Work task:
Set down every entry word for word. Omit the pictures.

Data for this task:
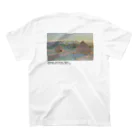 amathubuのClaude Monet  スタンダードTシャツの裏面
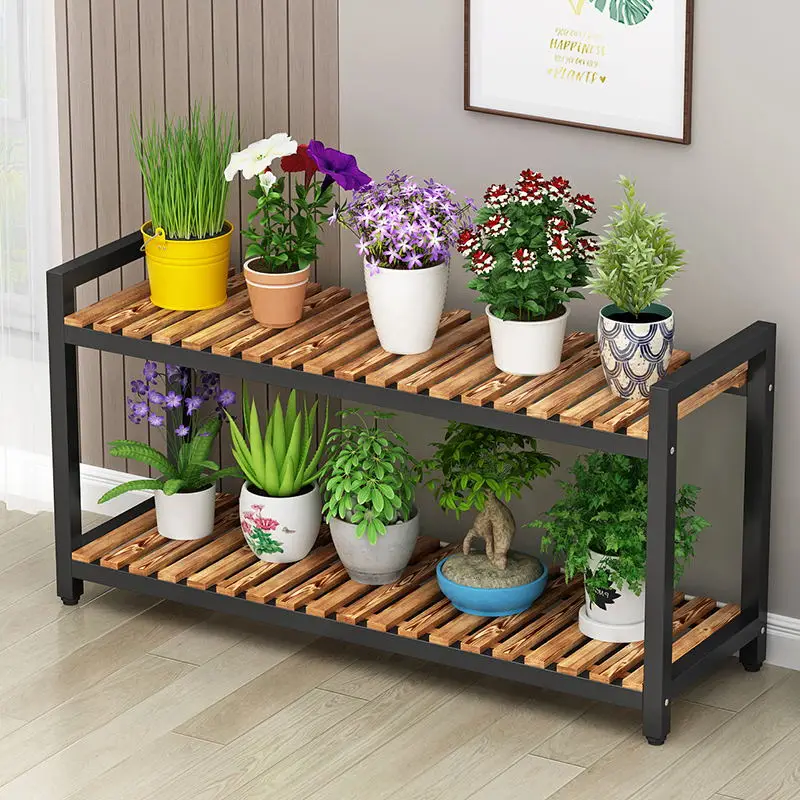 

Designer Aesthetics Nordic Flower Stand Balcony Minimalist Modern Unique Plant Display Shelf Organizer Muebles Home Furniture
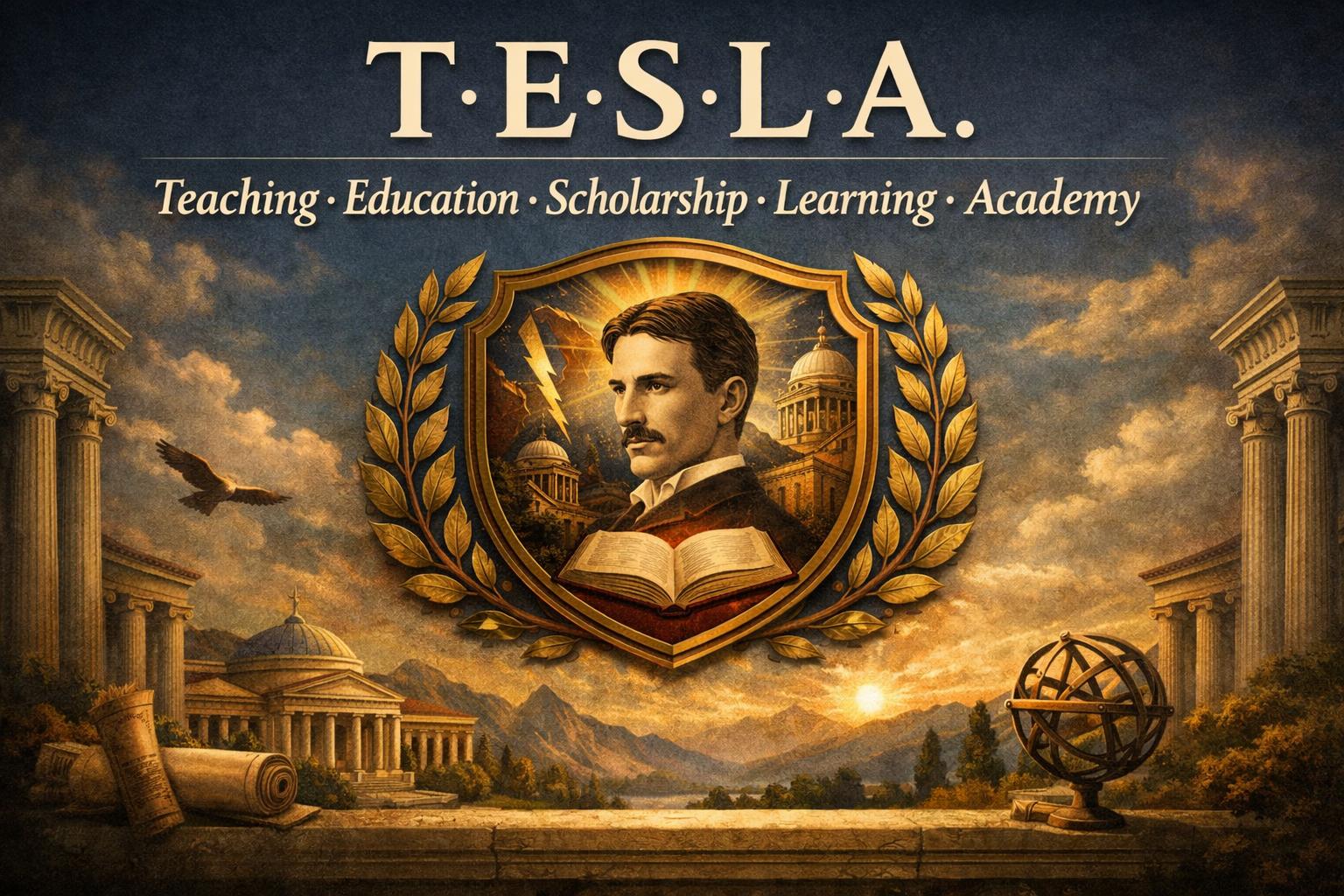 T.E.S.L.A. Academy emblem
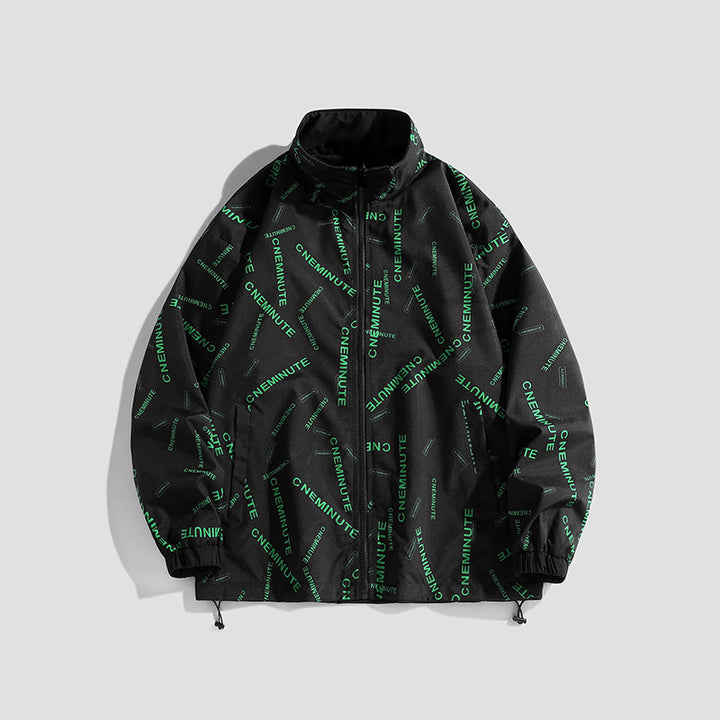 Damen leichte Windbreaker Jacke Drune
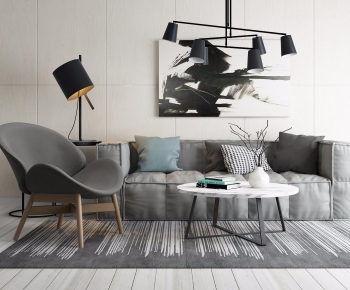 Modern Nordic Style Sofa Combination-ID:329641513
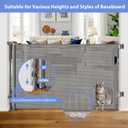 Retractable Dog Gate with Cat Door 55" Wide Retractable Pet Gate with Cat Door Mesh Dog Gate Retractable Baby Gates for Doorway Retractable Puppy Gate for The House Retractable Outdoor Gate for Deck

Worked solution:
 amathubuのClaude Monet  スタンダードTシャツの裏面

Designer Aesthetics Nordic Flower Stand Balcony Minimalist Modern Unique Plant Display Shelf Organizer Muebles Home Furniture
 T.E.S.L.A. Academy emblem
 Damen leichte Windbreaker Jacke Drune
 Modern Nordic Style Sofa Combination-ID:329641513
 Retractable Dog Gate with Cat Door 55" Wide Retractable Pet Gate with Cat Door Mesh Dog Gate Retractable Baby Gates for Doorway Retractable Puppy Gate for The House Retractable Outdoor Gate for Deck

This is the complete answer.